> **WHAT IS NEEDED**
Restate every record word for word, without the pictures.

(Short text fragments from websites)
== Segment start ==

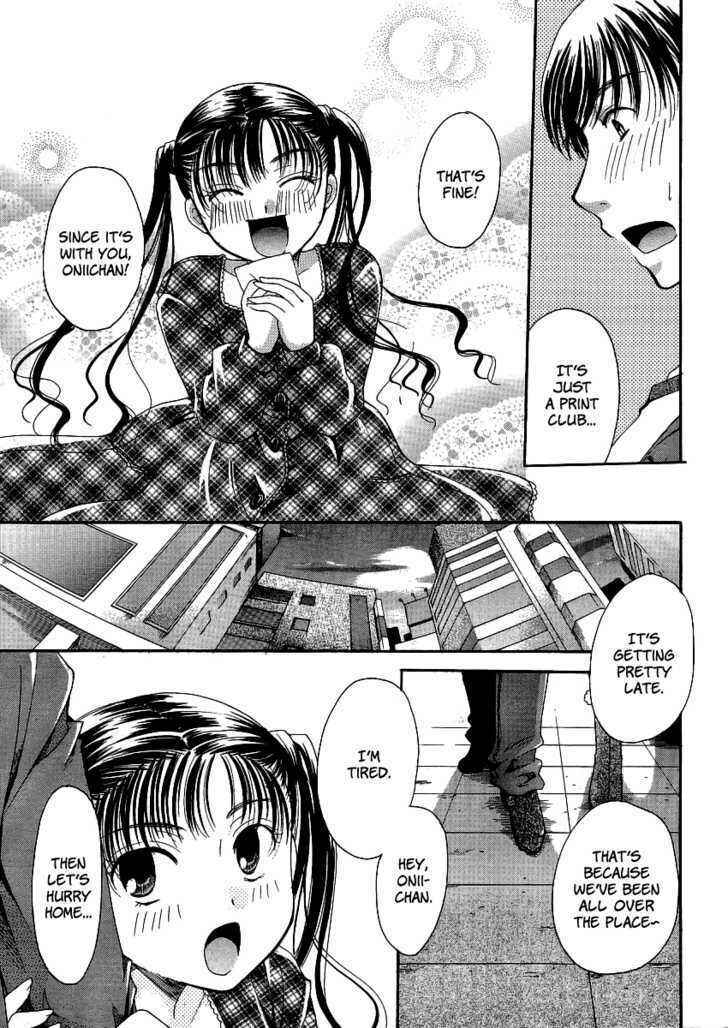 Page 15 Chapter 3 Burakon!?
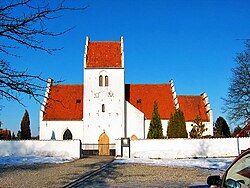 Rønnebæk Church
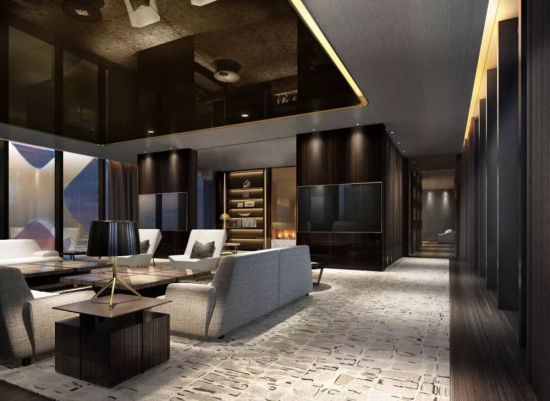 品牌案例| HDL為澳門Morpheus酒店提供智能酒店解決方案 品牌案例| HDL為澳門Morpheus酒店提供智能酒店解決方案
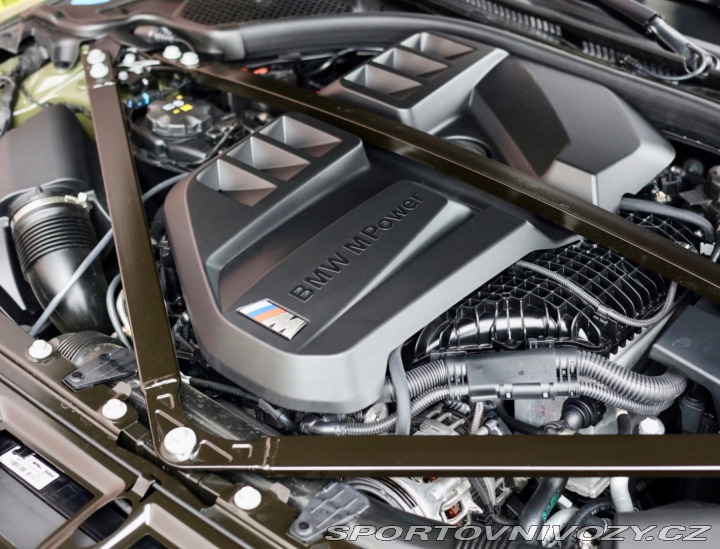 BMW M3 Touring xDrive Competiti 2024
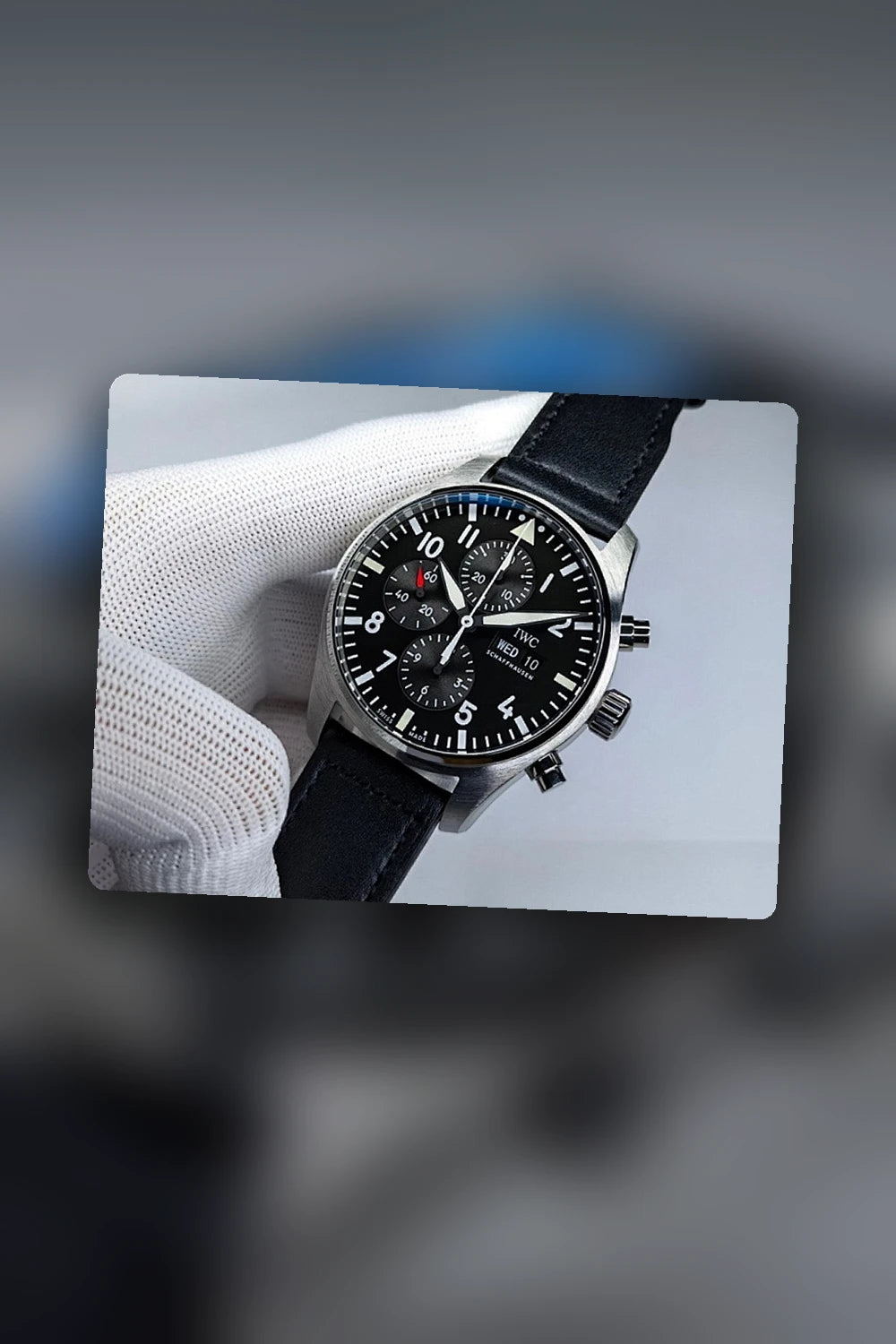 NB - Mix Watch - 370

== Segment end ==

> **RESULT OF THE TASK**
 Page 15 Chapter 3 Burakon!?
 Rønnebæk Church
 品牌案例| HDL為澳門Morpheus酒店提供智能酒店解決方案 品牌案例| HDL為澳門Morpheus酒店提供智能酒店解決方案
 BMW M3 Touring xDrive Competiti 2024
 NB - Mix Watch - 370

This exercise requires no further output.